David Light, the show’s creator, is a onetime Camp Ramah camper and an observant Jew. His wife, Sharon Brous, is the rabbi of a thriving young congregation in Los Angeles known as Ikar. Brous was ordained by The Jewish Theological Seminary, Conservative Judaism’s flagship institution. In real life, students at the seminary share dorms and some classes with the students at Union Theological Seminary, a nondenominational Christian institution.

Light, who himself considered a career in the rabbinate, opted instead for a career in comedy and television writing. Though he has done some writing for television, this is the first show he has created. “Morningside Heights” is being produced by Big Cattle Productions, a company founded by Eric McCormack (Will of “Will & Grace”).
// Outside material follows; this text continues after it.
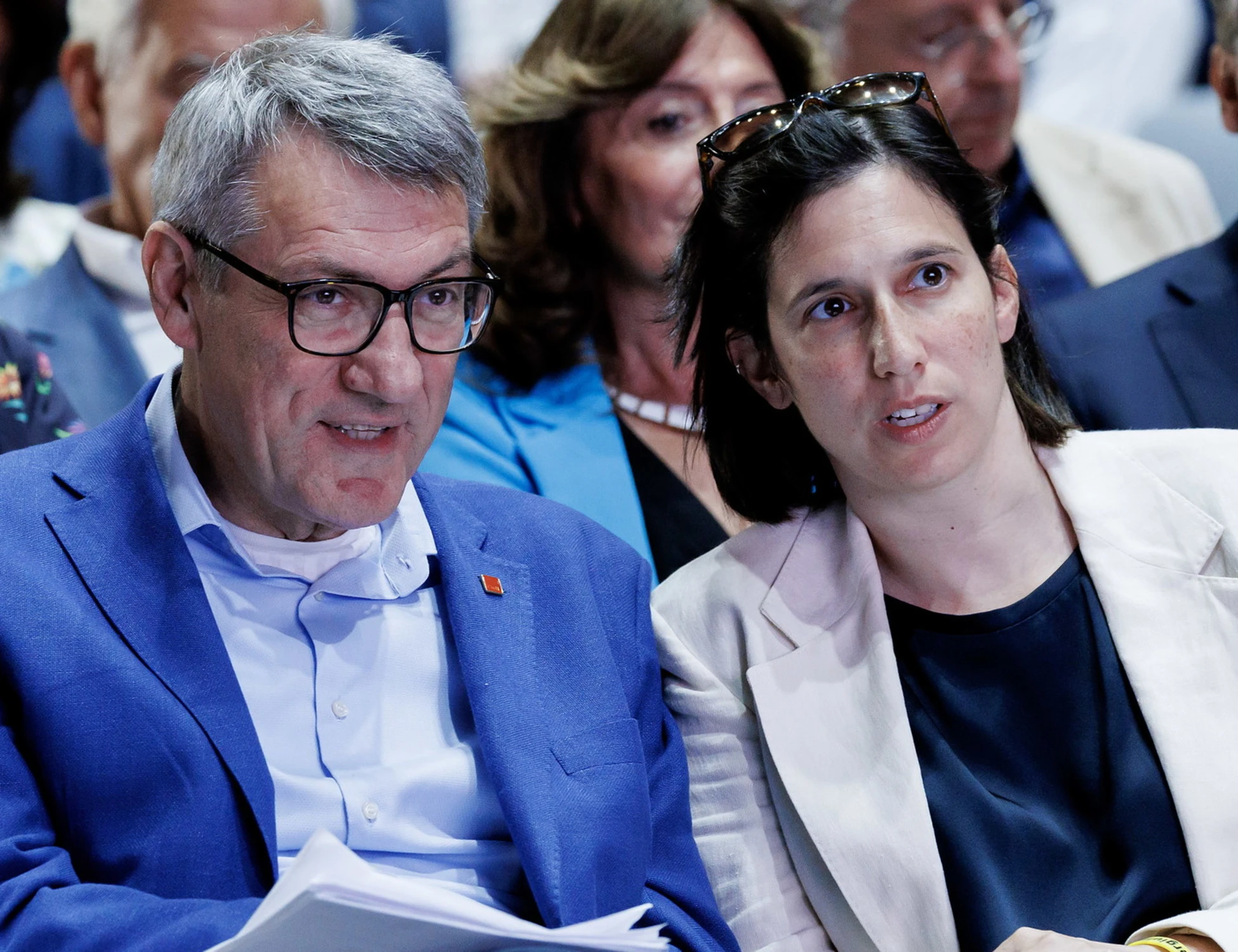 Arrivano i dazi ed escono le iene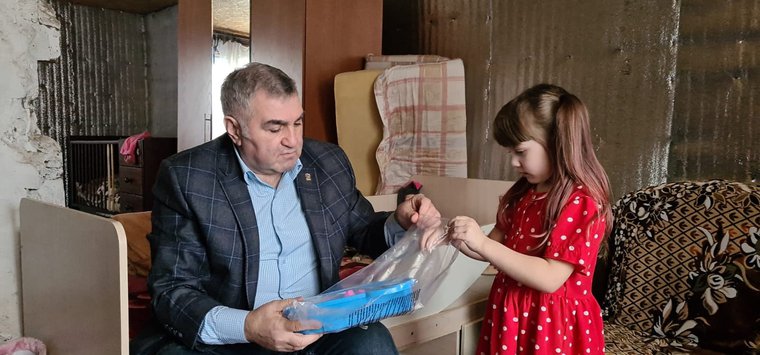 Армен Мнацаканян исполнил мечту островички в рамках акции «Елка желаний»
Rabbi Brous was named to the Forward’s list of top fifty most influential Jews last year, and her essay about the guilt of being a female rabbi appears in the new Modern Jewish Girl’s Guide to Guilt, edited by Ruthie Ellenson (which is reviewed by a Jewish Week singles columnist here).
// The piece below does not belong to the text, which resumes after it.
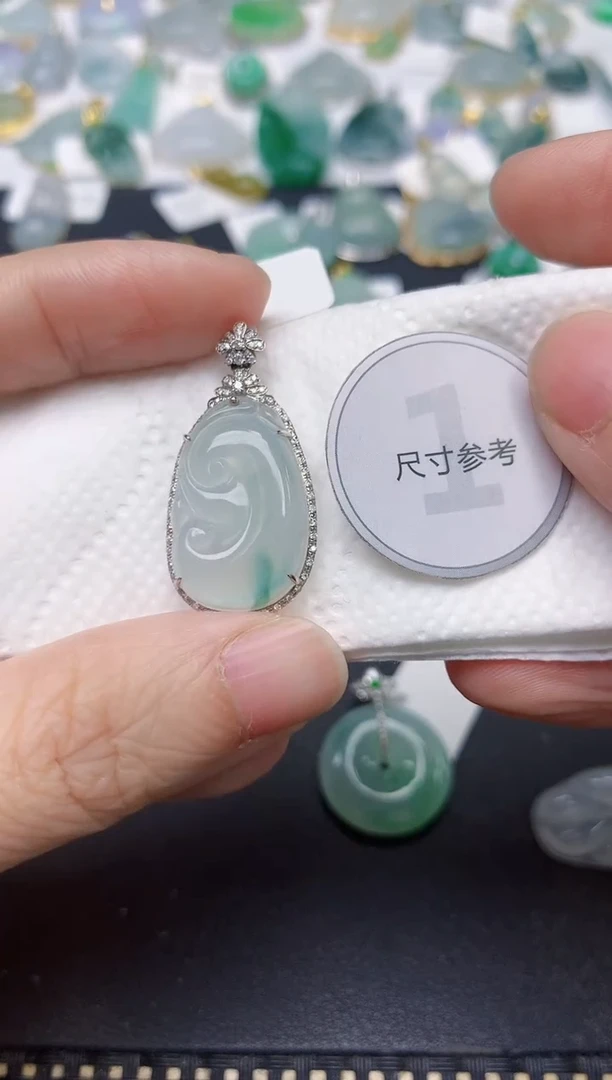 颈饰18K金镶嵌翡翠天然缅甸A货翡翠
In related news, I will soon be moving to Los Angeles to work on an NBC sitcom.

CLARIFICATION: The announcement of my move was kind of a joke. For now. But as I’ve said, I’m open to the right offer…

About the author

Esther Kustanowitz

For more posts by Esther, see EstherK.com, MyUrbanKvetch.com and JDatersAnonymous.com.

6 Comments

  • Esther! Go West Young Maidel! We eagerly await your arrival in the sunny state. Amazing news! mazel Tov!

  • i’m so there, dude…
    esther, we will have to meet up for frappacinos and i’ll sign you on to write my “west bank credit-card-hippy ba’al teshuva yeshiva” dramedy… i’m actually serious… tho’ if you find a better offer first, i won’t blame you one bit. (also, i don’t really drink frappacino).
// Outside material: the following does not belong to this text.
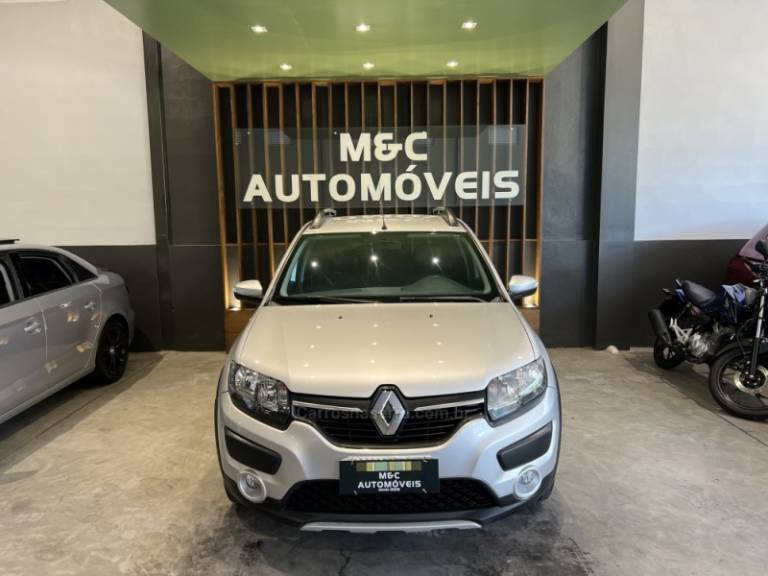 RENAULT - SANDERO - 2015/2016 - Prata - R$ 46.900,00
  • Whoa- funny Conservative Jews? Sounds like a groundbreaking project to me. Everyone knows that Orthodox= funny. Very Orthodox= very funny. Reform= funny, but only in a restrained “tee-hee” kind of way. Conervative? What do they know from funny?

    Let’s try a little exercise: Two Conservative Rabbis walk into a bar…. and order drinks.

    I’m having trouble seein’ it.

  • This is my second year of grad school at JTS, and I have yet to laugh within the walls of that fine instituion. Only when I step outside, and I realize that I go to JTS…..that’s when the laughter comes. The only way to make this one play is to throw in Joey Lawrence as a a rabbinical student, and one of his brothers as a UTS student. That’s instant comedy right there. Knowing what I know of the average Conservative Rabbi’s sense of humor (and trust me, I know quite a bit), this show will just be filled to the brim with really, really bad puns.

  • Ah, Balaam, you’re still in it. That’s why it doesn’t seem funny. But with distance, trust me, it will…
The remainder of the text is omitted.